There are many good articles about Maher’s approach, so I will just hit some highlights. Here’s a thorough analysis by Andrew Sullivan, who points out that NPR has the following “affinity groups”: “MGIPOC (Marginalized Genders and Intersex People of Color mentorship program); Mi Gente (Latinx employees at NPR); NPR Noir (Black employees at NPR); Southwest Asians and North Africans at NPR; Ummah (for Muslim-identifying employees); Women, Gender-Expansive, and Transgender People in Technology Throughout Public Media; Khevre (Jewish heritage and culture at NPR); and NPR Pride (LGBTQIA employees at NPR).” I daresay Harvard has all the same groups, and is, roughly, the very same institutional mindset.

Maher is always on about her own “white cis mobility privilege,” even as she continues to exercise it all day, in what is now a traditional yet purposeless self-flagellating disclaimer.
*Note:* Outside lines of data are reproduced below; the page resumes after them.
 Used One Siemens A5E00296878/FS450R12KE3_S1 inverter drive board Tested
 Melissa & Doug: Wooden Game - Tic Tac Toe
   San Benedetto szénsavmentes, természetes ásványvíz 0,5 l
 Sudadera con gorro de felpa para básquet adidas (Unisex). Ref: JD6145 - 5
When your CEO is telling you how it’s going to be, and decrying her own privilege as she does so, she’s liable to leave you confused.

What I’m saying is, this way of talking is a style. It’s a style that has grown incredibly irritating. It’s a style that attributes to itself the supernatural ability to change reality by changing vocabulary. So, by its own standards it must be condemned as a miserable failure, insofar as it does not help people achieve justice, but primarily alienates and divides them. It functioned fairly effectively as long as it was restricted to the academic hothouse, but as it’s emerged, the futile absurdity of its layers of euphemisms has been exposed.
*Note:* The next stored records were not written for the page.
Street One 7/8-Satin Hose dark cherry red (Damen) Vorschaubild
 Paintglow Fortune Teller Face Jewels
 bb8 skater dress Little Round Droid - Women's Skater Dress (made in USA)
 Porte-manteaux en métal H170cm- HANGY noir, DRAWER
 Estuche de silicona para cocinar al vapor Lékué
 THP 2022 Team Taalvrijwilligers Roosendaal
There will be vestiges for decades, and many young people, having been thoroughly trained in woke academic style, will be confused and disabled politically for a bit as the echoes fade. They’ll need to adjust and maybe find a new way to be progressives. But the people who are really going to struggle are the college professors and administrators who came of age during this period, the squads of DEI officers and humanities professors who have already written hundreds of memos, or whole tenure books, in the approved vocabulary.

By 2025, they will no longer know how to write or talk. I, personally, plan to enjoy the quiet.